I can't help but think somewhere in my past I've done something horrible and am being severely punished for it now. But for the life of me, can't figure out what! I'm sick of being the one everyone can rely on because frankly, I can't take it all! I'm not the superwoman they all think I am! My kids are the exception. I am a mother and as their mother am here to fulfill their needs and give them love and everything else I possibly can. WHich is why I've gone back to school. WHich now, I'm relaly thinking was a huge mistake, as that's also furthered my debt.
So for everything I try to make better in my life I get bitten square on *the cheeks* for. So why am I even trying?
Sorry for the pity party, but I'm just in a bad place today.

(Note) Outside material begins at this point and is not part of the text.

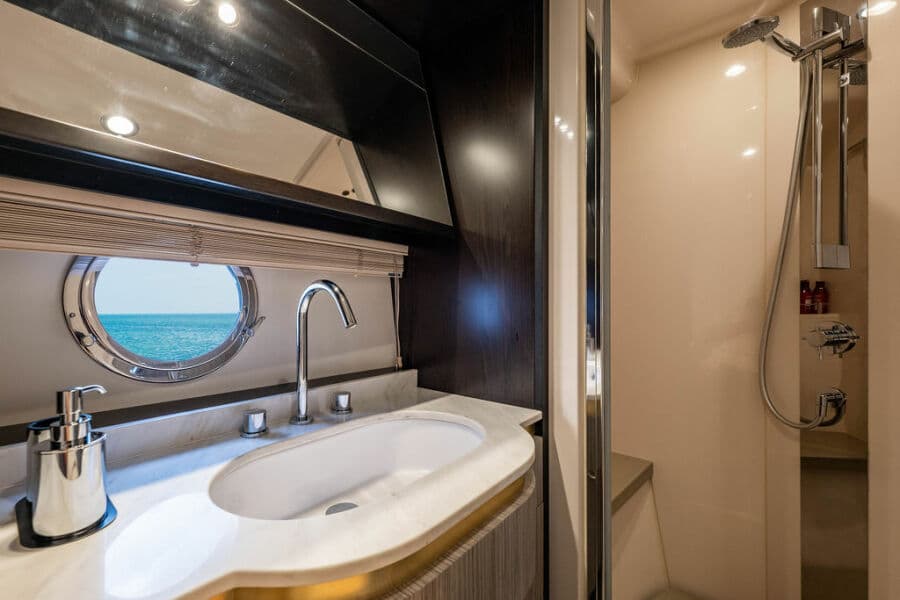2022 Azimut 55 FLY - Photo 25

Thanks for listening.
Traci
don't be sorry...if it helps, have a big ole pity party !! :oP
Sorry about your mom..that does have to be rough...didn't you file paperwork to get support from xdh?
God could not be everywhere, so
(((traci)))
Let me tell you, I can relate! I am currently "stable" and all that means is my moods aren't fluctuating, BUT they I'm stable on the depressed side of things. So things are hard. It's hard to force myself to do things. Plus we all have stressors in our lives. "Normal" people have stress and would be stressing over finances too. I am stressing over finance. I've been out of work for 2 months. Money sucks! Why must the world revolve around it?
Good to hear that you're stable though. Just keep trying to push yourself through this.